Publié en 2008 aux éditions ego comme x, et réédité par les Requins Marteaux depuis 2011, le goût du paradis de Nine Antico est le premier ouvrage d'une artiste qui par la franchise de son trait et de son texte réussi à saisir le lecteur, à le clouer face à ses planches avec en permanence cette sensation d'être conquis sans artifices. Un lecteur qui avait oublié la saveur de quelque chose d'authentique. Puisque toutes les éloges alors mêmes qu'elles seraient pleinement fondées ne sauraient émouvoir Nine Antico, qui projette sans fioritures, sur le papier, une vérité étrangement saisissante.
Sélectionnée à de nombreuses reprises au Festival International de la Bande Dessinée d'Angoulême, en 2009 pour le goût du paradis, en 2011 à deux reprises pour Girls Don't Cry et le troublant si ce n'est magistral Coney Island Baby. Sélectionnée mais non récompensée l'auteur a pourtant marqué les esprits par son talent et la puissance de ses textes dessinés, de ses dessins écrits. Elle a surtout été une des rares auteurs à être présente dans la sélection officielle pour des livres publiés par deux éditeurs différents, ce qui, il faut l'admettre est en soi une réussite et vient confirmer l'aura d'une auteur qui a su être présente et se montrer indispensable au renouveau du 9ème Art . On pense au fanzine Rock This Way et plus récemment à l'exposition TEEN SPIRIT qui vient de se clore à l'espace beaurepaire dans le 10ème arrondissement à Paris. Dans le goût du paradis, des amours adolescentes il en est question, et en amour les pensées débordent comme les espoirs et les craintes, elles envahissent notre quotidien et crée une seconde réalité. Ces pensées sont une part de l'instant et elles se vivent autant que les évènements du quotidien dont elles font partie.
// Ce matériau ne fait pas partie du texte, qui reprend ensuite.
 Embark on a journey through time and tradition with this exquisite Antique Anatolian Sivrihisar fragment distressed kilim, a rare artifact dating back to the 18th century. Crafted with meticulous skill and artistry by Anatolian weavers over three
Le contour de ses cases flottent, s'épaissi et s'allège au fil des planches. La noirceur du trait s'affirme dans certaines cases, les visages des personnages s'effacent, réapparaissent comme pour parler au lecteur, lui dire quelque chose qu'il ignore, quelque chose de direct sans compromis. Des fantasmes inavoués, une crainte mais surtout des désirs inavouables... Une honte permanente qui a une certaine saveur. Cette honte d'être soi est une quête d'identité constante qui forge les souvenirs, impressions imperceptibles sur l'instant et qui encombrent notre inconscient. Une honte qui a de cela de fascinant qu'elle permet de cracher des méchancetés, des regards tendres et cruels. Malgré la pudeur, malgré nos principes.
Il ne s'agit pas de sombrer dans le pathos de l'autobiographie mais de se raconter soi même dans une autocritique peut être constructive mais assurément salvatrice. Cette histoire fixe les souvenirs, elle fixe les rancoeurs pour mieux les apprivoiser... cette histoire a un goût, et ce n'est pas pour rien que c'est celui du paradis.
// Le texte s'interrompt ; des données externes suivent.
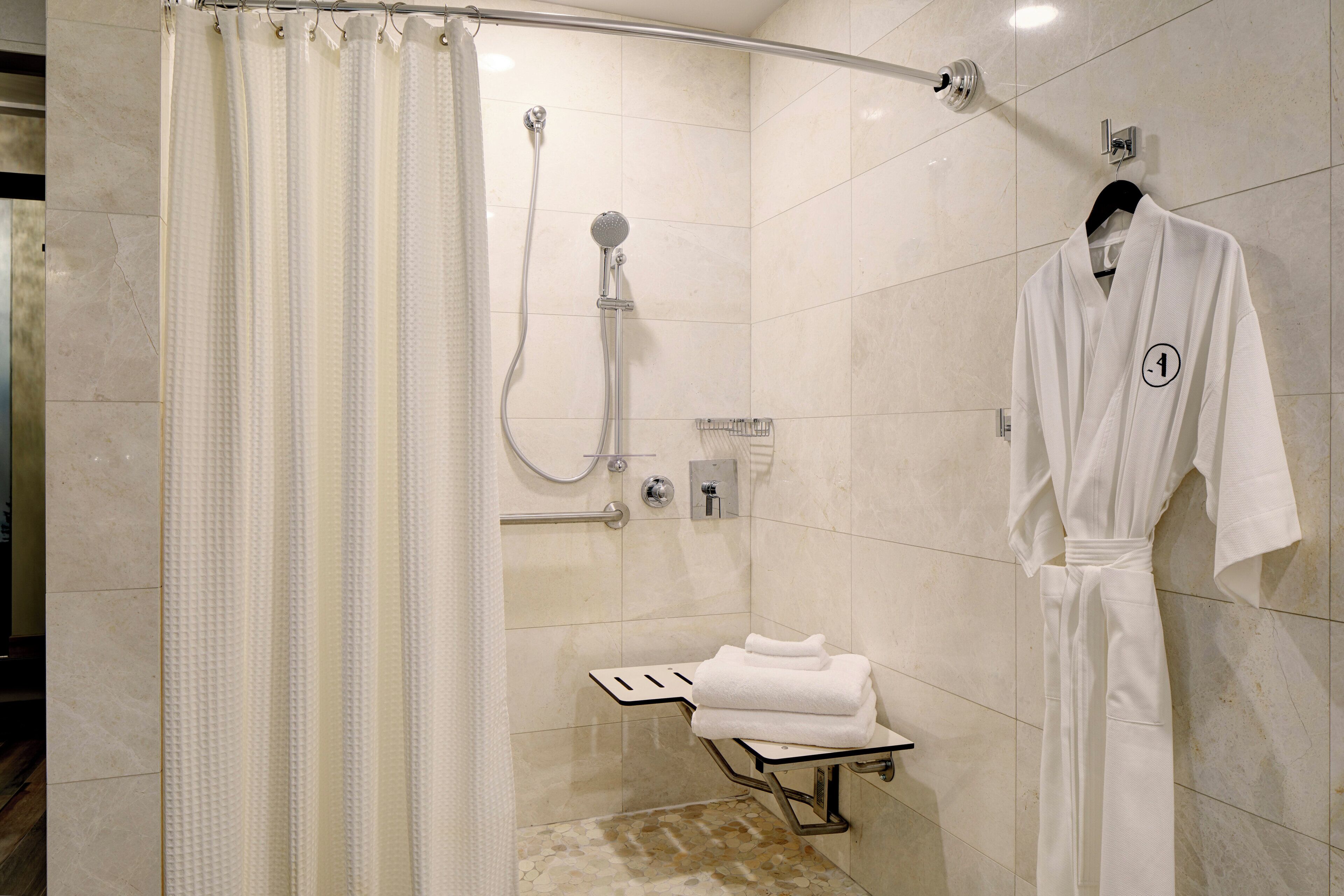 Un baño moderno con cabina de ducha de vidrio, perchero y asiento de ducha de cristal.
Son regard est mouvement, il permet la séquence, ses yeux, de l'encre sur papier, de l'encre qui se déplace et raconte en saccade une partition pleine de vie.
Son regard est mouvement, il permet la séquence, ses yeux, de l'encre sur papier, de l'encre qui se déplace et raconte en saccade une partition pleine de vie.
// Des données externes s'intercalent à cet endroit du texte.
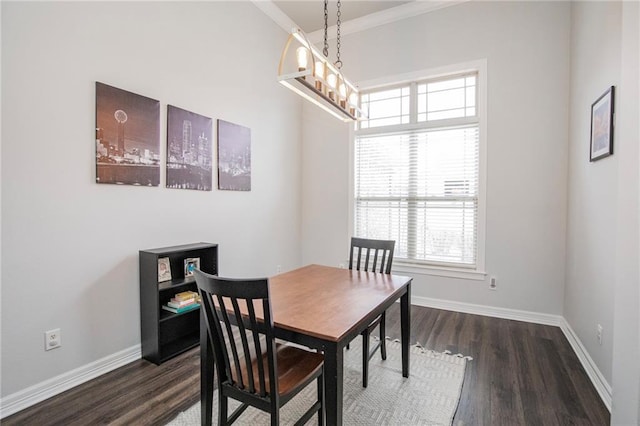 dining area with an inviting chandelier, dark wood-type flooring, and ornamental molding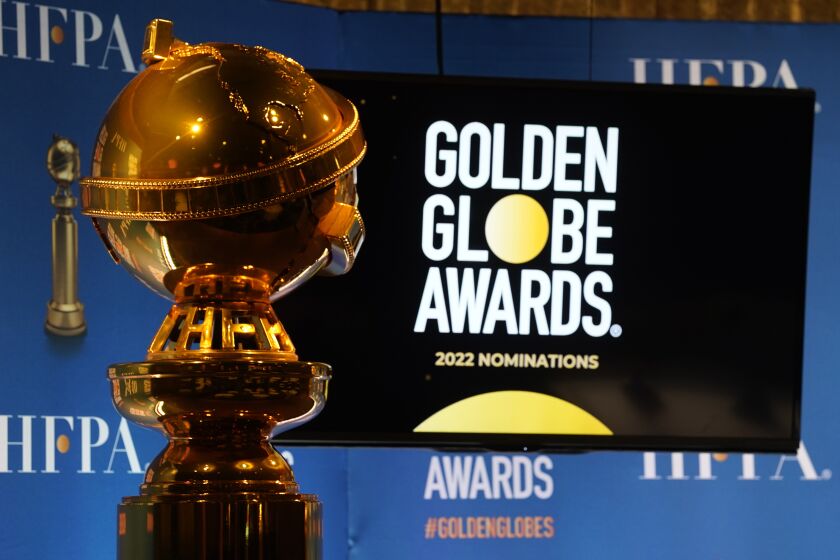 A golden trophy positioned in front of a TV screen that reads "Golden Globe Awards"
Le talent de Nine Antico ne réside pas uniquement dans ce retour sur soi et dans cette facilité à transmettre dans cet ouvrage ses souvenirs... Non, son talent réside dans sa manière de pousser le lecteur, de nous pousser dans nos propres souvenirs et dans nos désirs passés, dans notre histoire qui, douce ou amère, gardera avec insolence le goût du paradis.